Attacker fills all possible locations of the memory with a "leak gadget" that tells the attacker "Im executing at this address!" using probeArray as side channel.
When the attacker executes the indirect branch, it misspredicts to one of the many leak gadgets in memory
The attacker uses a flush+reload attack to recover if ProbeArray was accessed or not when speculating.

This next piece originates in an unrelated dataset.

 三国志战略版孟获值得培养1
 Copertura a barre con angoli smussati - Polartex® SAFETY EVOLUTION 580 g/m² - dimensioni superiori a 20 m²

In this kind of attack, there is no need for finding a spectre gadget nor having a shared memory for the side channel, the only requirement is an indirect branch to be exploited, all the required gadgets of a spectre v2 are placed inside the attacker process. The only new requirement for this attack is being able to map the destination address of the victim into your own process, therefore this attack can't work against KASLR for example. This isn't a bruteforce attack too, with a single try its possible to test multiple addresses at the same time, however there is a limit of how many "leak gadgets" the memory can hold at the same time. This significativly decreaes the time to perform the attack when compared to Jump Over ASLR from ~100 addresses per second to a few hundreds of billions of addresses per second.

Leak gadget

The leak gadget uses probeArray to inform the attacker where the own gadget is executed. It receives probeArray and the index of RIP to be leaked as argument and performs a kind of branchless programing to decide whether probeArray[0] or probeArray[4096] should be accessed.

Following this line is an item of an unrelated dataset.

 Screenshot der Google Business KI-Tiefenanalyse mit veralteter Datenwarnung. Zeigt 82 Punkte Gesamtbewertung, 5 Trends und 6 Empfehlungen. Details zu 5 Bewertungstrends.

lea rax,[rip - 7]      ;load current address
shr rax,cl             ;selects the bit using cl arg
and rax,1
shl rax,12             ;loads probearray
mov dl,[rsi+rax]       ;or probearray+4096

Controling the BHB and target victim code

As seen before, the BHB is used to select a BTB entry. In order to find a BTB collision and exploit this vulnerability, an attacker must know the last N (29 if <skylake) branches taken. In our tests, we used a for loop to set the state of the BHB to a known value before the indirect call. Here is a vulnerable example of victim code:

#include <stdio.h>

void DoNothing();
void (*codePtr)() = DoNothing;

void DoNothing(){
    return;
}

int main(){
    printf("Destination = %p\n",codePtr);
    while(1){
	for(int i=0;i<200;i++){}
    	codePtr();
    }
}

In order to ensure the BHB state is the same in the both contexts, the attacker copies the bytes corresponding to the victim for loop and call in form of a shellcode.The shellcode is copied to all possible 256 positions that can match the 20LSB alignment required for the BHB state to be the same.

Victim Code

0x5594c566a152 <+28>:    mov    eax,0xc8
0x5594c566a157 <+33>:    dec    eax
0x5594c566a159 <+35>:    jne    0x1157 <main+33>
0x5594c566a15b <+37>:    nop
0x5594c566a15c <+38>:    nop
0x5594c566a15d <+39>:    nop
0x5594c566a15e <+40>:    lea    rdi,[rip+0x2ecb]
0x5594c566a165 <+47>:    call   QWORD PTR [rdi]

--> Executes to
0x5594c5669135:    ret

Attacker Code

… //eax=200 rsi=probeArray, cl=0 
0x6a157    dec    eax
0x6a159    jne    0x455555500157
…
0x6a165    jmp    QWORD PTR [rdi]

--> Misspredicts to
0x5594c566a135:    lea rax,[rip - 7]
0x5594c566a13c:    shr rax,cl
0x5594c566a13f:    and rax,1
0x5594c566a133:    shl rax,12
0x5594c566a137:    mov dl,[rsi+rax]

Challenges

There is a problem when trying to place a gadget into all possible positions at the same time. In our tests the ASLR places the destination somewhere between 0x550000000000 and 0x570000000000. Meaning that there is a 2.2TB of possible virtual address to be mapped or 537 million leak gadgets. But the system has only 8GB of RAM. Besides being possible to map 2TB of ram using COW we haven't had much success with this approach. I suppose it creates too much pressure on the Translation Lookaside Buffer (TLB), making the speculation to a non-translated address way too slow. In the tests we created a 1GB in memory page and filled with the leaking gadgets. Then we shifted the page across the 2TB range using the remap syscall. Other problem observer was the fact that the speculated address was probably not present in the TLB, since it never had actually been executed. But intel manual states:

"The processor may cache translations required for prefetches and for accesses that are a result of speculative execution that would never actually occur in the executed code path" - ISA

Therefore, in order to increase the chances of a "speculative induced" pagewalk we tried to make as hard as possible for the correct address to be resolved. This is done using a pointer chain for the destination address. The idea is that the CPU frontend will speculate the destination of the branch and the reorder unit will execute the leak gadget before finishing the pointer chain read.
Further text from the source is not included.